▶ [Source data]:
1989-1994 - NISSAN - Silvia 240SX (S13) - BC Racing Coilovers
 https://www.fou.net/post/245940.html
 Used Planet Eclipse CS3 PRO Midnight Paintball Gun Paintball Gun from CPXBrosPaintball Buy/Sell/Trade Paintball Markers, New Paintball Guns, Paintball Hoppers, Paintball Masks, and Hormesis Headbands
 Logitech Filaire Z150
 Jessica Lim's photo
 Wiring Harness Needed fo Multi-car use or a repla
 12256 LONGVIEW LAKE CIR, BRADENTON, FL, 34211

▶ [Required action]: Reproduce exactly the lines from the one with "Wiring Harness Needed" through the end of the entries above, both ends included.

▶ [Written answer]:
 Wiring Harness Needed fo Multi-car use or a repla
 12256 LONGVIEW LAKE CIR, BRADENTON, FL, 34211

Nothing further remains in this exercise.